In this paper, we propose a JPPAL_CRF, whose basic idea is to make full use of all the information in the posterior probability matrix while selecting labeled samples. It incorporates all posterior probabilities into the decision function. Compared with other approaches, this approach can select samples that are more conducive to classification during the sampling process because of the extended variability between samples. For further improving the classification effect and alleviating the phenomenon of “same objects with different spectrums” and “different objects with the same spectrum”, this paper uses CRF. CRF takes into account spatial domain information and label constraints. It retains detailed information about each class and post-processes the classification results to further improve classification results.

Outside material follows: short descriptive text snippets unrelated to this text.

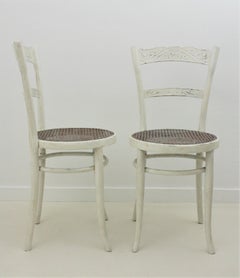 Jacob & Josef Kohn Vienna Secession Patinated Chairs with Wicker Seats, Pair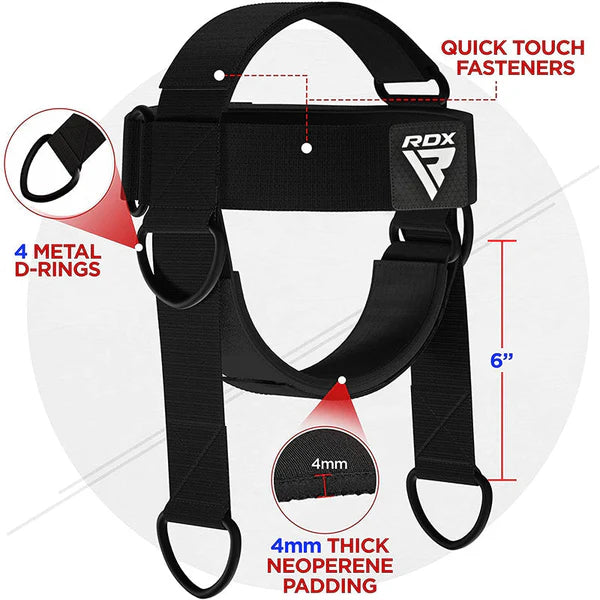Arnés cervical RDX H2 para levantamiento de pesas y ejercicios de fortalecimiento.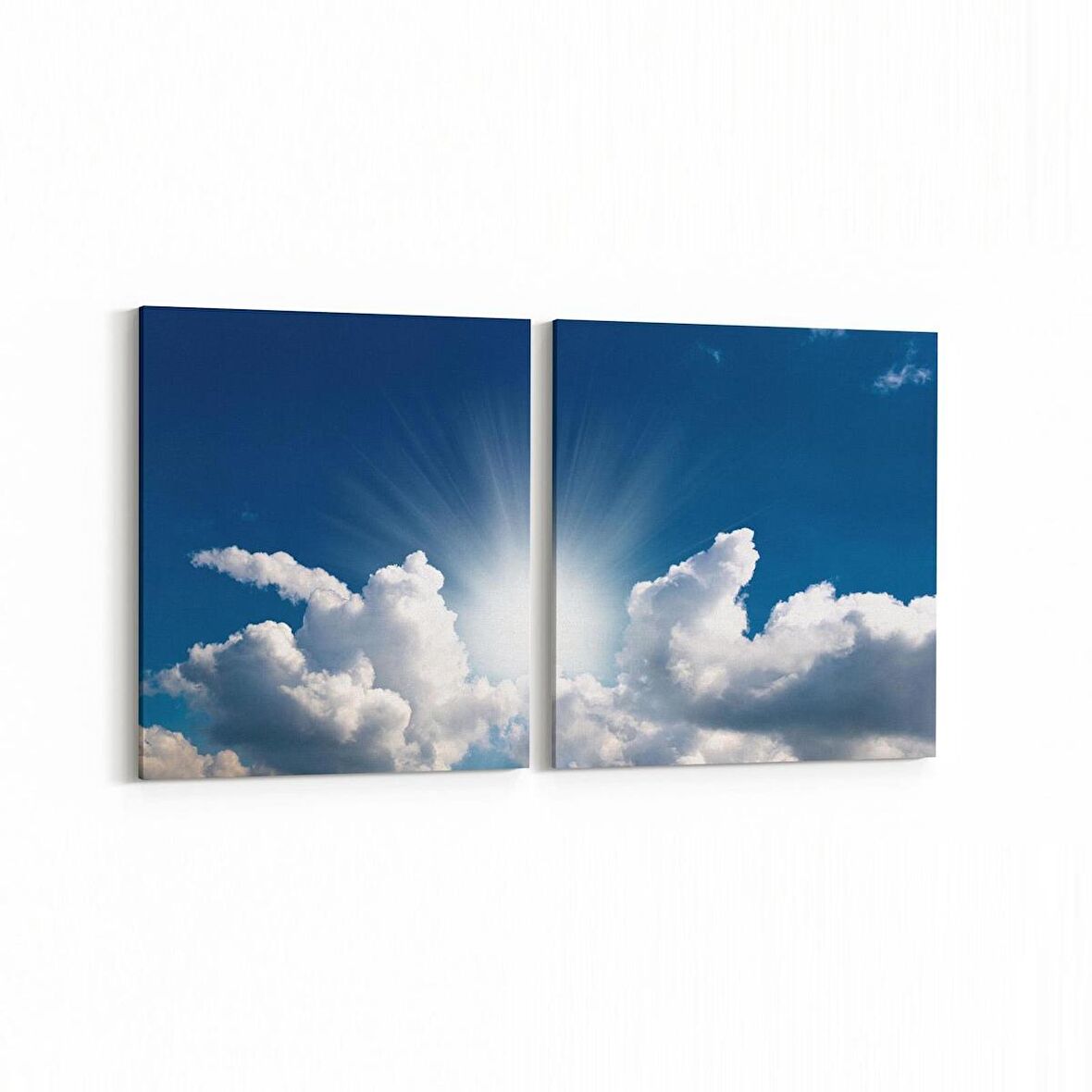 Olla 15808K2Y Gökyüzü Bulut Görseli Kare 2'li Yatay Kanvas Tablo (Ölçü: 65X30)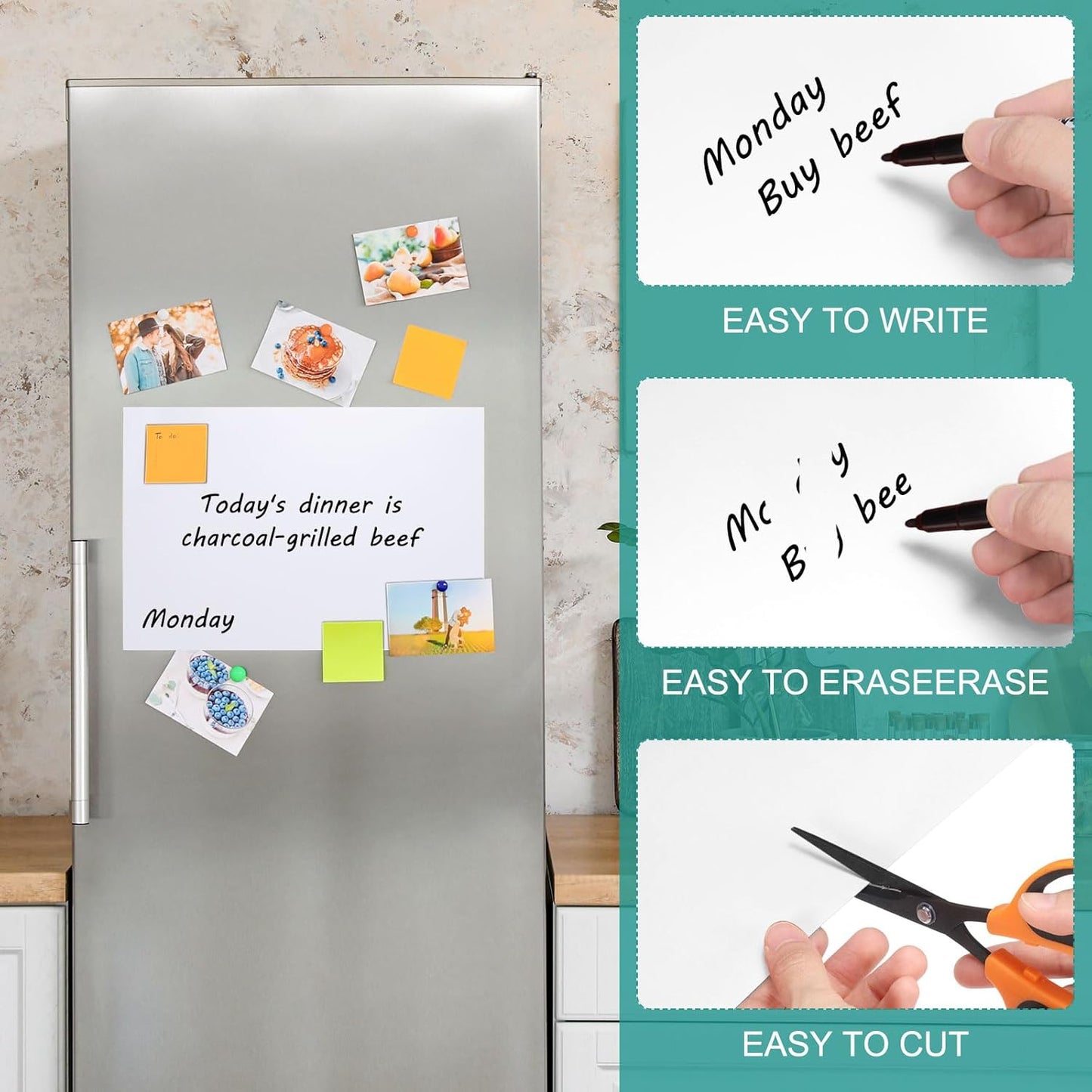 PATIKIL Magnetic Dry Erase Board Sheet for Fridge, 6 Pcs 12 x 8 Inch Erasable Refrigerator Whiteboard for Kitchen for Home Kitchen Organizer Planner Office Storage, White (0.6mm)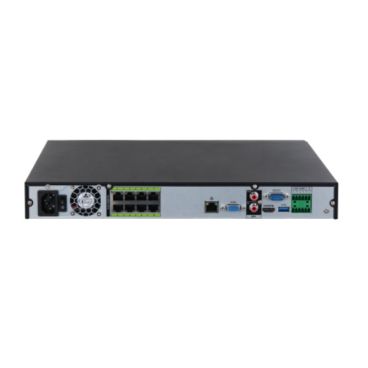 Dahua DHI-NVR5208-8P-EI - Grabador IP de Sobremesa, 8 Canales PoE hasta 32MP, Capacidad para 2 HDD de 20TB (no incl.), Compresión H.265+/Smart H.264+, Ancho de Banda 384/384Mbps de Entrada/Salida, PoE Budget 130W
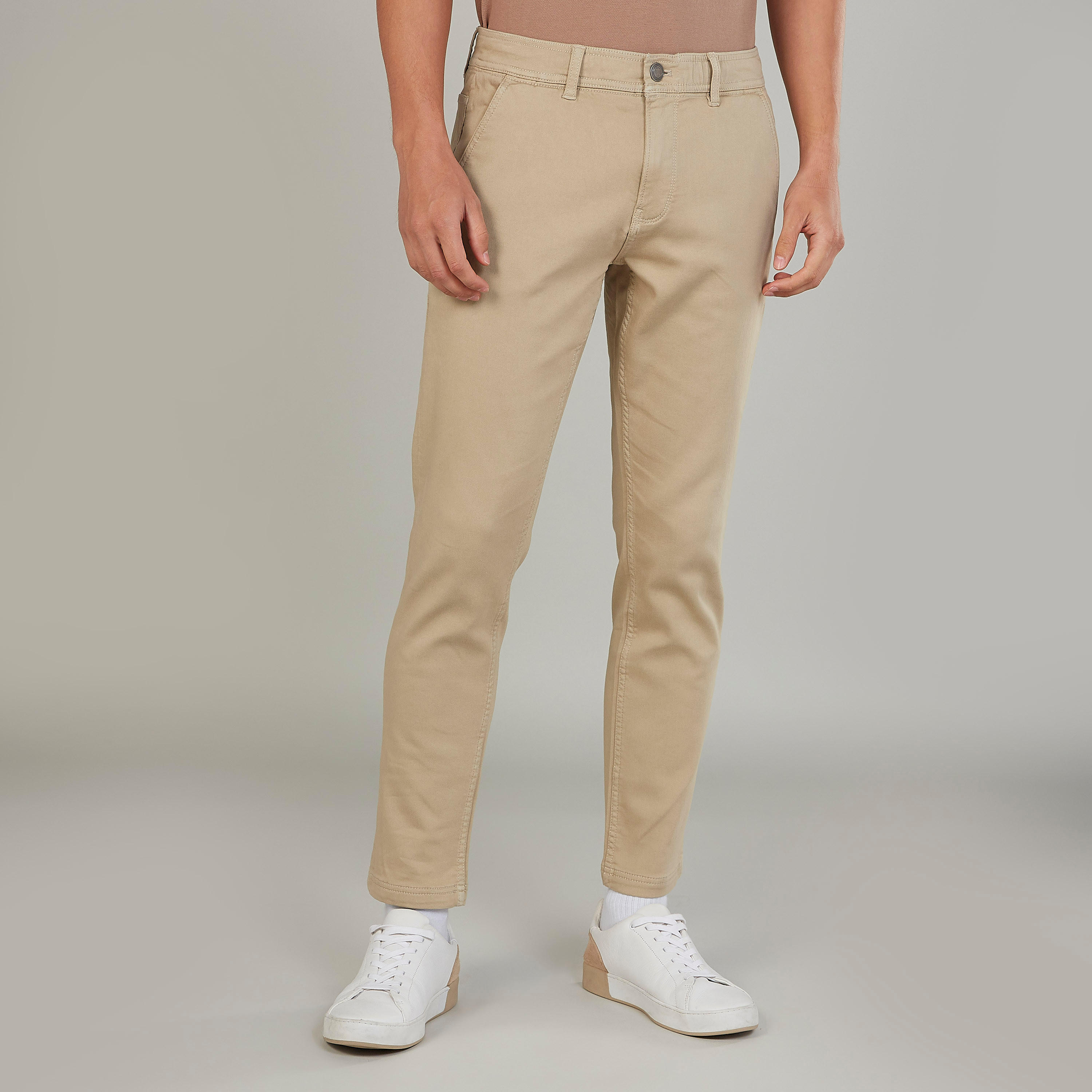 بنطلون شينو سليم سادة بخصر متوسط الارتفاع وجيوب وعراوي-men-clothing-bottoms-trousersandchinos-trousers-image-6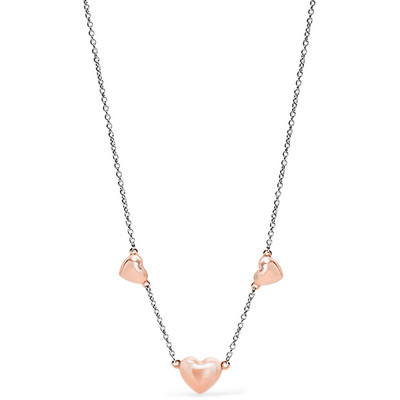 NEW-FOSSIL SILVER+ROSE GOLD TONE TRIPLE HEART STATION NECKLACE JF01645998 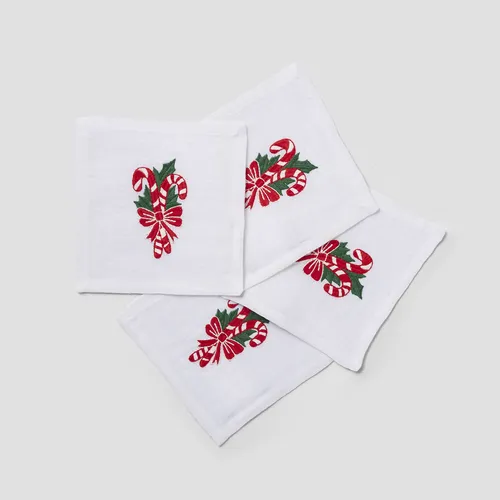Peppermint Cocktail Napkins, Set of 4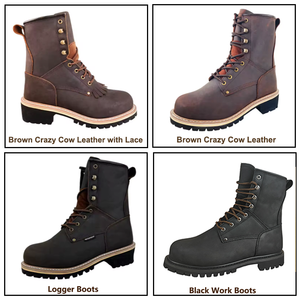 أحذية سلامة للعمل من الطراز الرفيع بمقدمة فولاذية، مناسبة للحطابين والأنشطة الخارجية والتنزه في الغابات، مصنوعة من جلد الحصان المجنون بنعل خارجي مطاطي وبخياطة جوديير - Product Image 4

The experiments on two common datasets show that the proposed approach possesses significant performance advantages. In the future, we will extend the combination of active learning and CRF by adding random field potentials to the active-learning decision function.